Among the lines below, list those containing the string "temperature".

** Data provided follows **

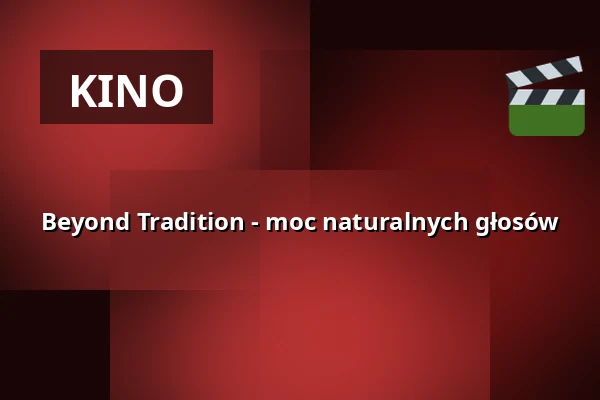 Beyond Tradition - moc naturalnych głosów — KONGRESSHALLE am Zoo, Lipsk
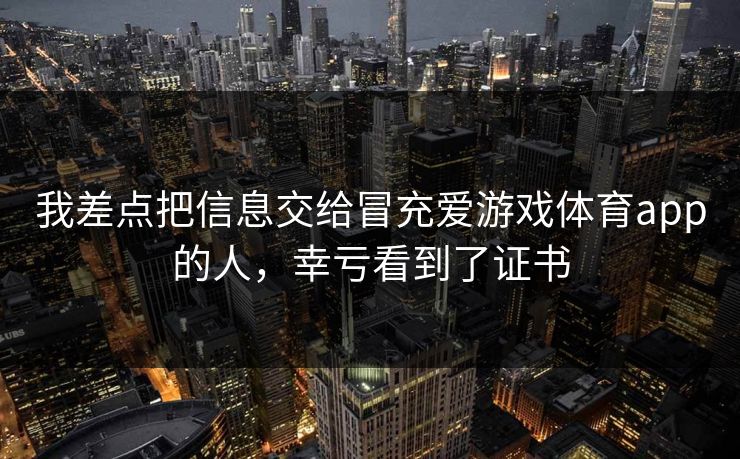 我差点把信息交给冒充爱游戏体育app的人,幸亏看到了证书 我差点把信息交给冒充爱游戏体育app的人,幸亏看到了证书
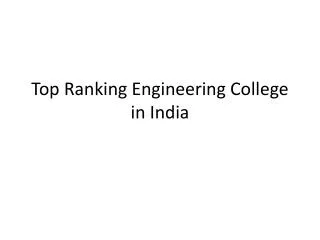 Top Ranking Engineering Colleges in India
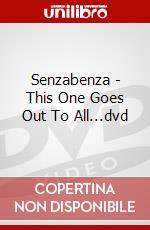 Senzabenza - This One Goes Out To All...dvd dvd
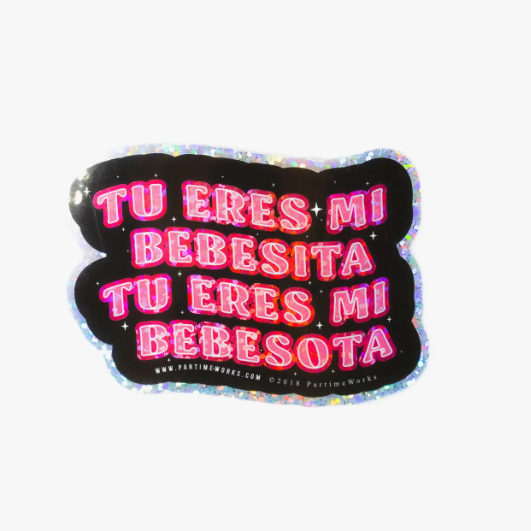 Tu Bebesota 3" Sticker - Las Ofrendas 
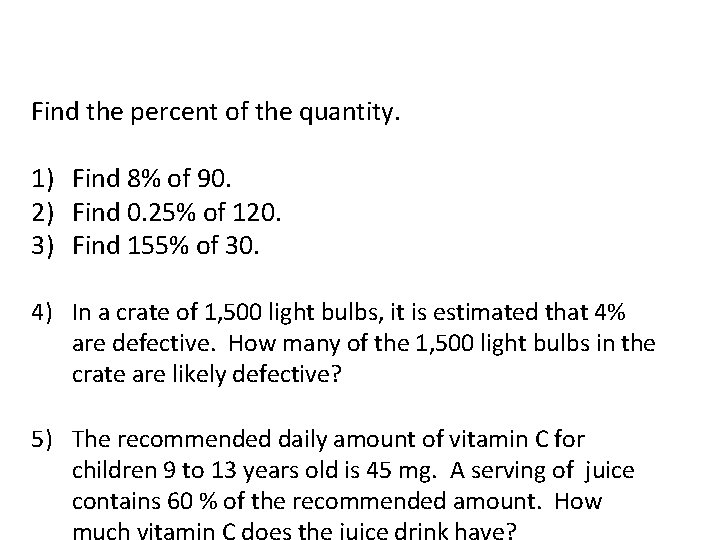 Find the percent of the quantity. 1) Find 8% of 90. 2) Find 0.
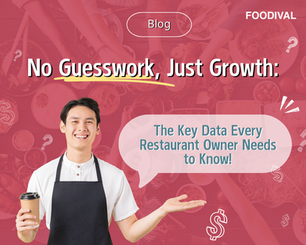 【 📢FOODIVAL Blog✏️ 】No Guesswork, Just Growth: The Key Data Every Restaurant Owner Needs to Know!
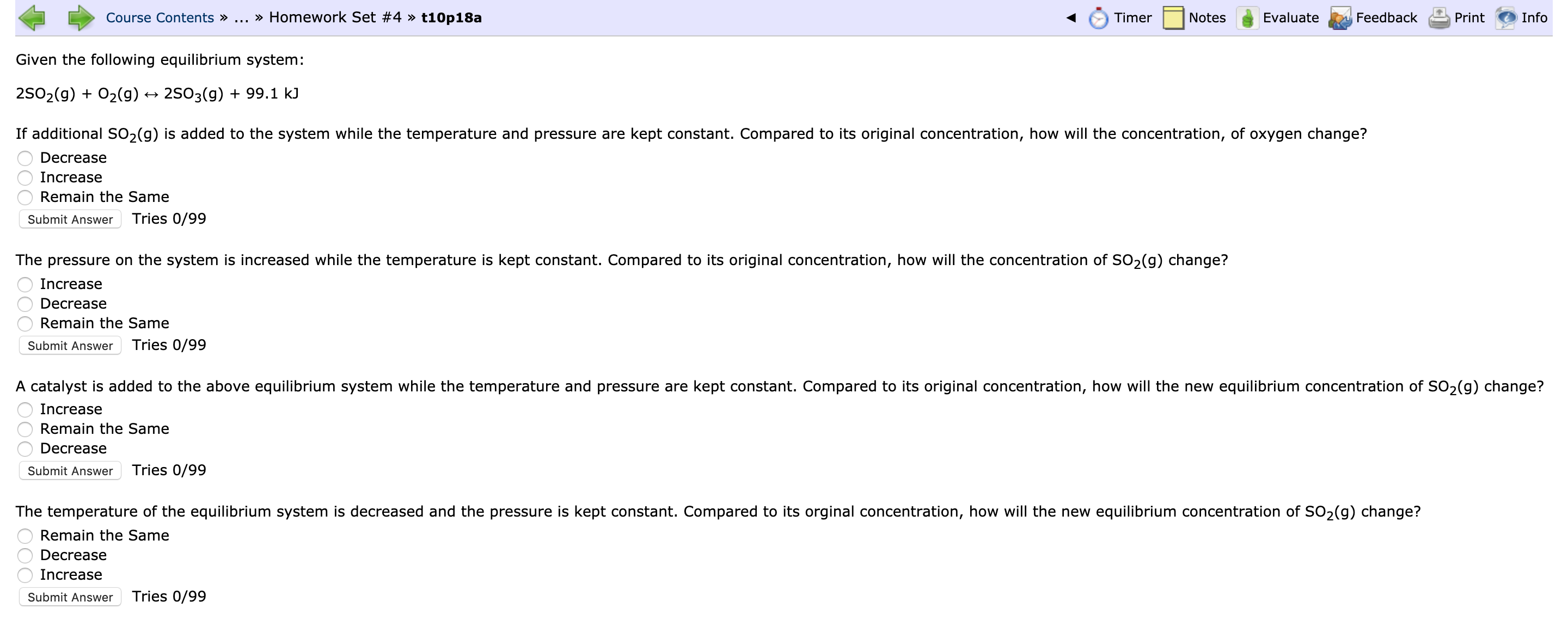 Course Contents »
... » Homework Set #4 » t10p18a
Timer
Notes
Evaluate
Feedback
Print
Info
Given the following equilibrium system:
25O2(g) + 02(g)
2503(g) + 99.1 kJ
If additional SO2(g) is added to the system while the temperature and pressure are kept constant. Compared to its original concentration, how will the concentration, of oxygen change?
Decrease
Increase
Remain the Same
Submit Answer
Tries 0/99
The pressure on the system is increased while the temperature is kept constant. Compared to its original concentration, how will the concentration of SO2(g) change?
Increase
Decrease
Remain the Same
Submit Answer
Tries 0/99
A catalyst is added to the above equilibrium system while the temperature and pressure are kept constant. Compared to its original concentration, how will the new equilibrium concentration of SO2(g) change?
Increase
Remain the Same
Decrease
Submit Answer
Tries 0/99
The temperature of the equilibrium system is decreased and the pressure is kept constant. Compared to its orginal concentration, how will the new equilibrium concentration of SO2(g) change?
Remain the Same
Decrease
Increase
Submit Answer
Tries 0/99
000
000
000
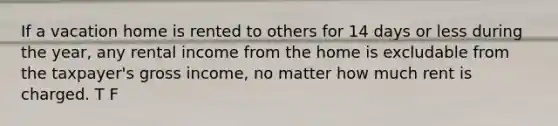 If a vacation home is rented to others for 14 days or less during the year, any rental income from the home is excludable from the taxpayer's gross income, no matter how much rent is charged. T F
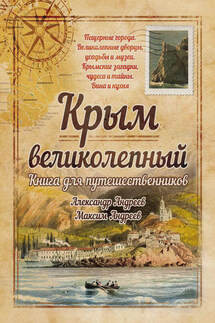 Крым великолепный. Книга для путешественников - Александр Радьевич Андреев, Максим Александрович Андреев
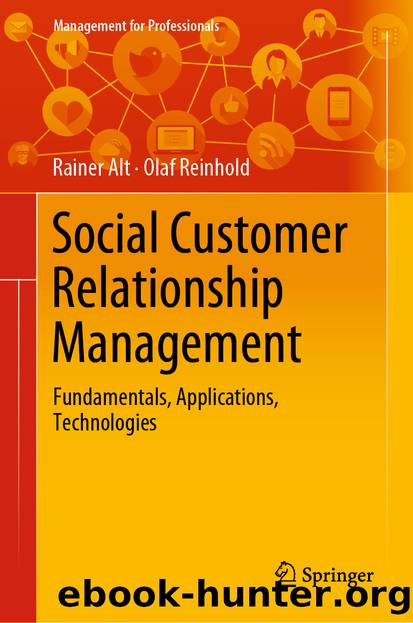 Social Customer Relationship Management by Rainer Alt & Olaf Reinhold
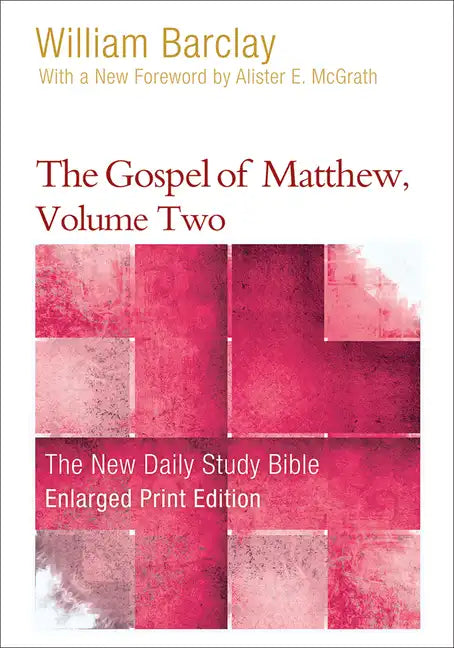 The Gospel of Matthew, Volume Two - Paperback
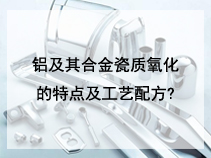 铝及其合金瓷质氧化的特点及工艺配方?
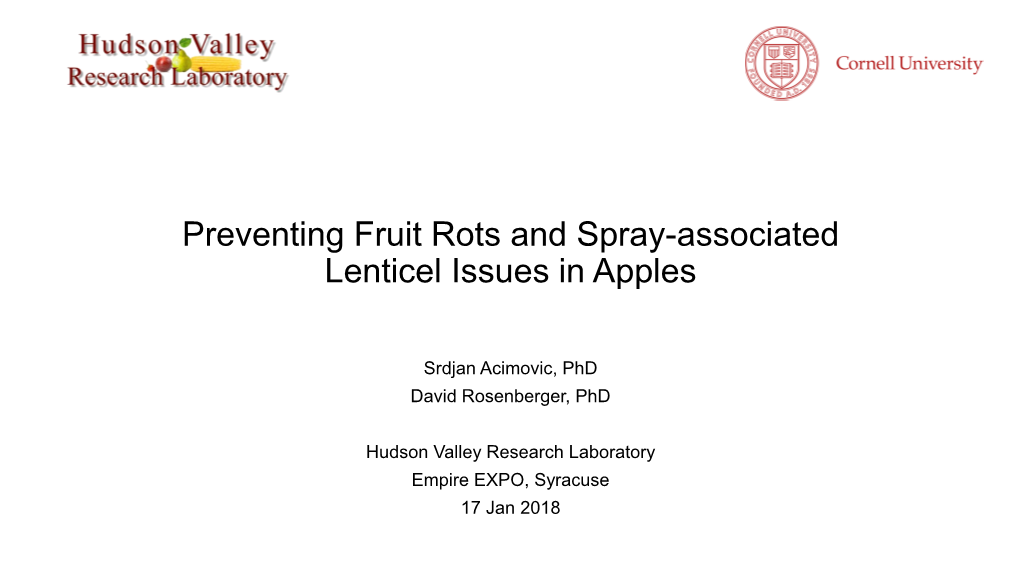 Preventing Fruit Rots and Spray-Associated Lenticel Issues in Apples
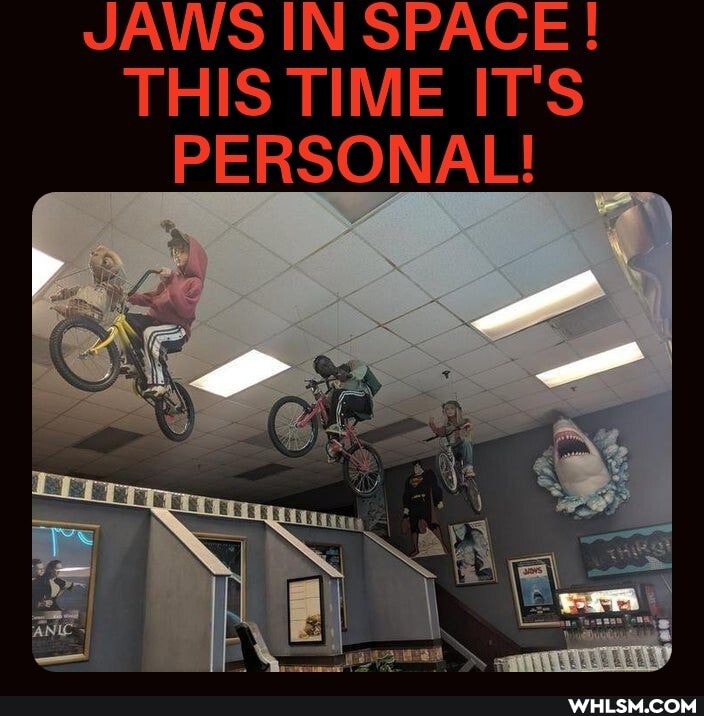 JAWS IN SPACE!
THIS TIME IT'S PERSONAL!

** End of Data provided **

- _Exercise response_:
If additional SO2(g) is added to the system while the temperature and pressure are kept constant. Compared to its original concentration, how will the concentration, of oxygen change?
The pressure on the system is increased while the temperature is kept constant. Compared to its original concentration, how will the concentration of SO2(g) change?
A catalyst is added to the above equilibrium system while the temperature and pressure are kept constant. Compared to its original concentration, how will the new equilibrium concentration of SO2(g) change?
The temperature of the equilibrium system is decreased and the pressure is kept constant. Compared to its orginal concentration, how will the new equilibrium concentration of SO2(g) change?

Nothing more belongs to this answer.